Page MenuHomePhabricator

analytics1046/analytics1057 stuck in booting
Closed, ResolvedPublic

Description

Hi everybody,

analytics1046 and analytics1057 are old hadoop worker nodes that we have just refreshed, probably already OOW. Before giving it back, the Analytics team would need them for one last duty, namely be part of a temporary hadoop cluster to support our incoming Hadoop migration to a new distribution (already asked to Faidon if it was ok to keep nodes for this last use case).

The hosts cannot pass the very first bootstrap steps, not even if I wait hours/days:

PowerEdge Expandable RAID Controller BIOS
Copyright(c) 2015 Avago Technologies
Press <Ctrl><R> to Run Configuration Utility
F/W Initializing Devices 0%

I don't want to drain a lot of people's time to debug this use case, but after a chat in dcops with Willy there seems to be some steps to attempt to see if it can come back to life or not (like upgrading the firmware, bios, idrac, etc..) so if anybody has time I'd appreciate some feedback about how to proceed (that could even be: let's not spend time on this please).

The hosts are not running any puppet production role so it can taken down, rebooted, etc.. anytime.

Thanks in advance!

Event Timeline

elukey renamed this task from analytics1046 stuck in booting to analytics1046/analytics1057 stuck in booting.Nov 6 2020, 2:24 PM
elukey updated the task description. (Show Details)

Both servers are stuck at the same spot during post.
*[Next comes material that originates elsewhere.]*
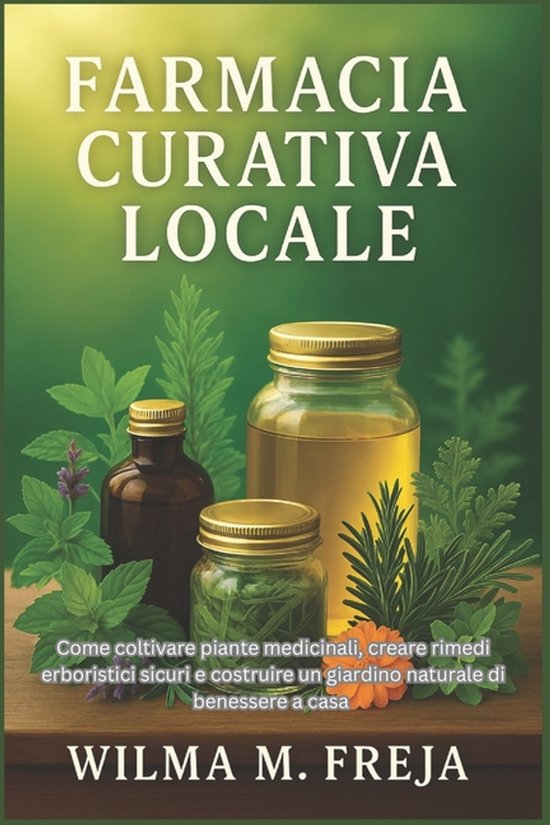 Farmacia Curativa Locale - cover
I tried rebooting an-1046 but it still sticks, One of the power supplies is bad and I replaced it with one from a spare but there seems to be more of a problem. I am trying to update bios and idrac now to see if that helps. The h/w log doesn't show anything wrong. These are both well out of warranty and if this doesn't fix the issue we need to have them decommissioned.

@elukey @razzi @wiki_willy The servers are stuck and I cannot update bios or firmware. Please decommission.

Thanks for checking @Cmjohnson, will do :)